Die Urnäscherin Käthi Nef-Alder: "Lieber, als mich in Konzeptarbeit zu verlieren, löse ich Probleme gleich praktisch."

Käthi Nef-Alder (Jahrgang 1965) ist seit über dreissig Jahren mit Jakob Nef verheiratet, Mutter von drei erwachsenen Kindern und einmalige Grossmutter. Ihre Ausbildung absolvierte sie auf der Verwaltung der Gemeinde Urnäsch, wo sie anschliessend einige Jahre als Gemeindekassiererin und Steuerbeamtin arbeitete. Nach einer Kinderpause, in der sie einzig für ihr Familienunternehmen arbeitete, folgten diverse Anstellungen in kleineren Pensen, etwa in einem St. Galler Altersheim oder bei der Dörig Käsehandels AG. Von 2001 bis 2015 war Käthi Nef Gemeinderätin in Urnäsch, verantwortlich unter anderem für das Altersheim. Von 2008 bis 2019 vertrat sie ihre Gemeinde im Kantonsrat.
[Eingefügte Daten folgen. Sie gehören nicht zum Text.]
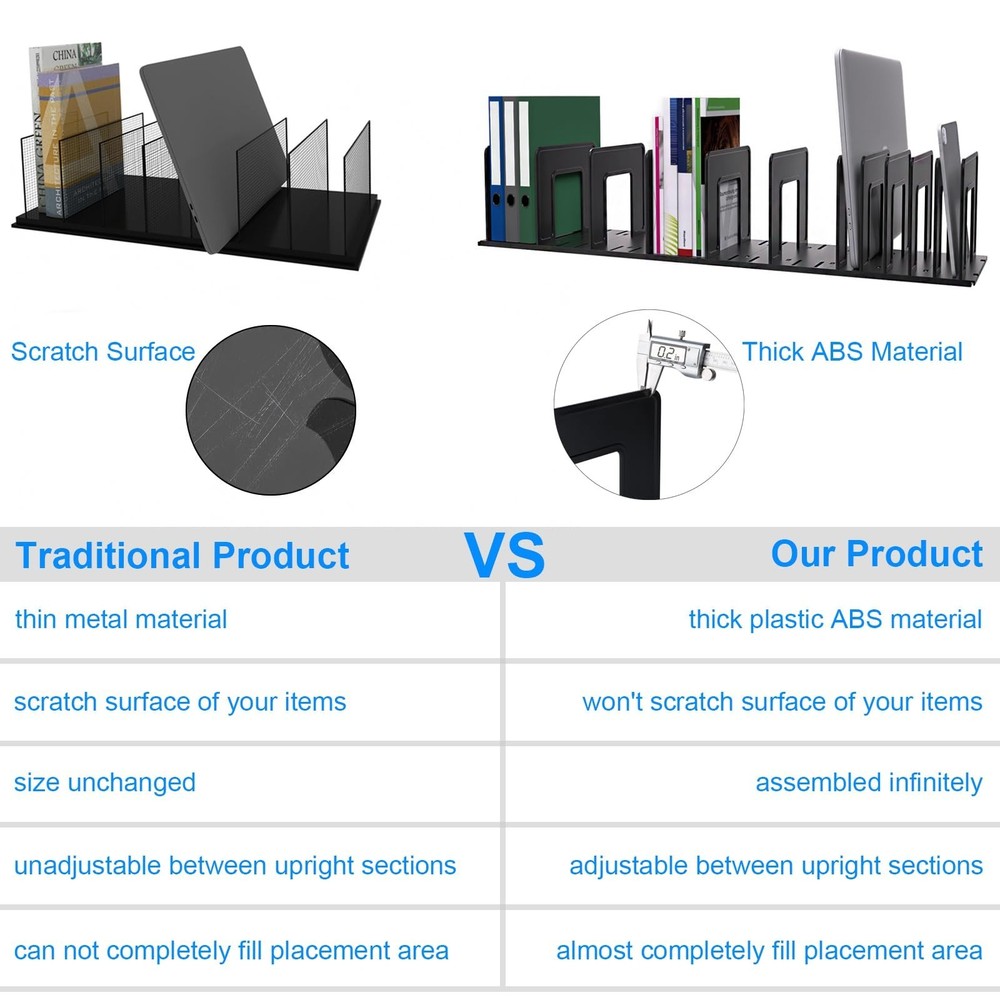 Adjustable Vertical File Sorter Sturdy Plastic Expandable Upright File Holder...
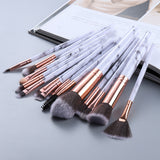 Full view of all 15 marble brushes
Heute ist sie mit einem 70%-Pensum Heimleiterin des Wohn- und Pflegezentrums Au in Urnäsch. Stets Teil ihres Arbeitslebens ist das eigene Geschäft, die Zimmerei und Schreinerei Jakob Nef AG, wo sie für Finanzen und Personal zuständig ist.

Käthi Nef, Sie leben bereits Ihr Leben lang in Urnäsch. Hatten Sie nie das Bedürfnis nach einer Luftveränderung? 

(Schmunzelt) Nicht mein ganzes Leben. Meine ersten zwei Lebensjahre verbrachte ich in Speicher. Zurück zur Frage. Eine Luftveränderung? Nein. Ich fühlte mich hier immer wohl. Und nachdem mein Mann mit 28 Jahren den elterlichen Betrieb übernommen hatte, stellte sich für mich die Frage, von Urnäsch wegzugehen, nicht mehr. Wieso auch? Ich fühle mich hier gut aufgehoben und geborgen.

 

Was gefällt Ihnen an Urnäsch?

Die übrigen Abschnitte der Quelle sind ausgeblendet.